76 - AS II.64    (click to view in Digital Bodleian)

76 - AS II.64. Plan, with the internal elevation of the choir sketched in the top L corner. Study drawing by Wren, drawn freehand to a scale of just under 37 ft to an inch (drawn scale). Dark brown ink over pencil and scorer. Additions in pencil and red crayon. 241 x 367 mm. Watermark: Strasbourg lily WR. Pencil additions:
  1. (i) The W portico is extended to the N.
  2. (ii) A portico of free-standing columns, matching that to the W, has been added to the S transept.
  3. (iii) The NE corner bastion has been extended into the re-entrant angle.
  4. (iv) A columnar portico has been added to the central bay of the N side of choir.
  5. (v) The pencil sketching over the S wall of the S choir aisle probably denotes foundations.
  6. (vi) Circular choir-stalls have been added to the choir (compare 52).
  7. (vii) A circle, with smaller circles on the cardinal points, has been sketched to the S of the nave.
Endorsed in ink by an early hand: Copie of Mr Bankes Centract for St Magnus, Entd. Near this: a rough pencil sketch, possibly relating to the roof structure at St Magnus-the-Martyr.

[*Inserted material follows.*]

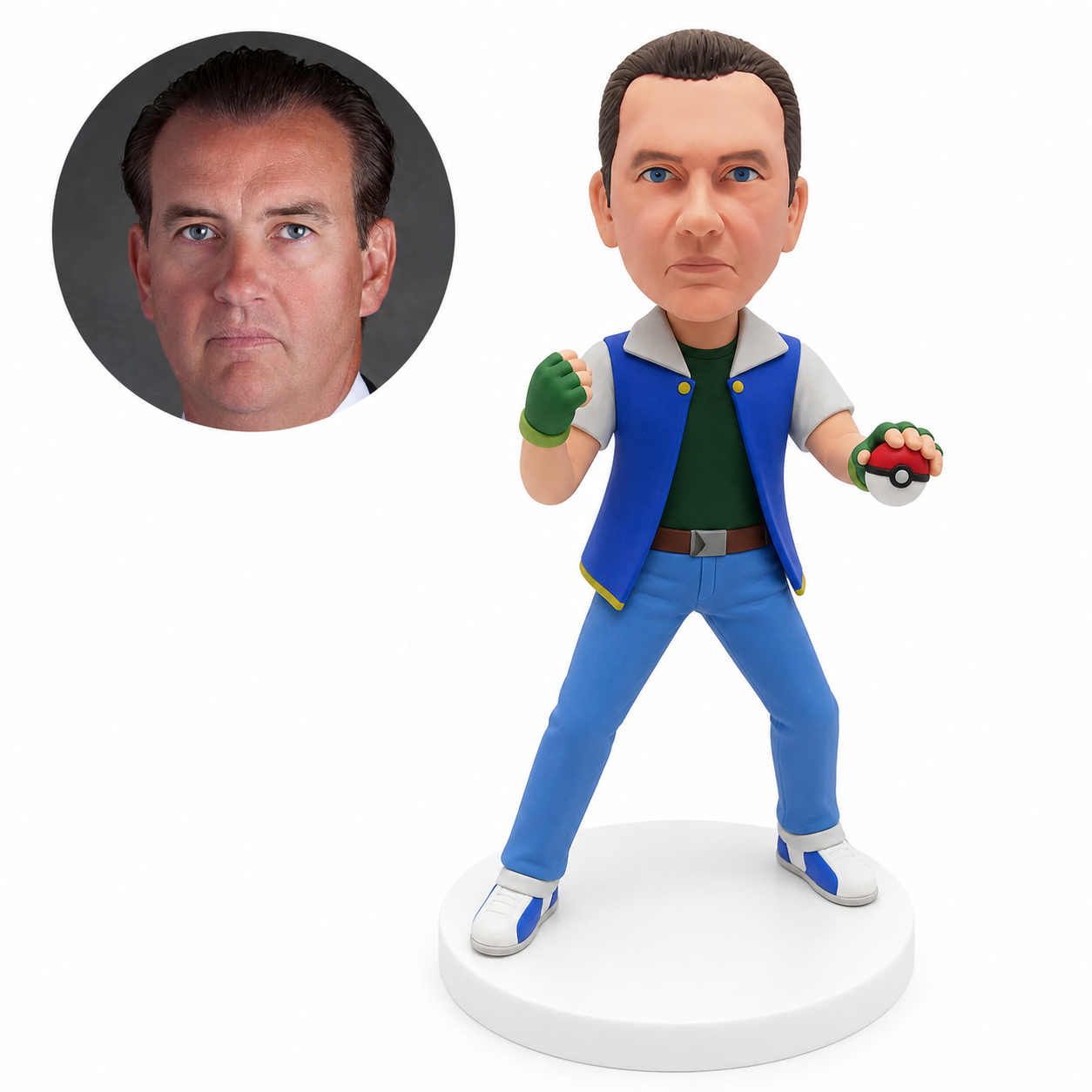 custom bobblehead figure man in an open short-sleeve jacket holding a two-tone ball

Note to 76: This small drawing can be assigned a date immediately following the Warrant design. The treatment of the crossing, with its eight equal arches, is close to the latter. The nave and choir, however, are planned as matching Greek crosses surmounted by subsidiary domes carried on pendentives scaled with the main crossing arches (the vaulting of the nave is apparent from the scored under-drawing). The maximum dimensions, excluding the N and S porches, are approximately 482 x 250 ft. The transepts consist of single bays terminating in segmental porticos, as in the fabric. Other ideas carried forward include the thickening of the aisle walls and the dropping of the interior pilasters to floor level. The unrelated endorsement refers to Matthew Banckes, who contracted to execute the roof carpentry of St Magnus-the-Martyr on 15 April 1675 (GL, MS 25542/1, 244–45). If recto and verso are presumed to be contemporary, the Warrant drawings must have been superseded in Wren's mind by mid-April.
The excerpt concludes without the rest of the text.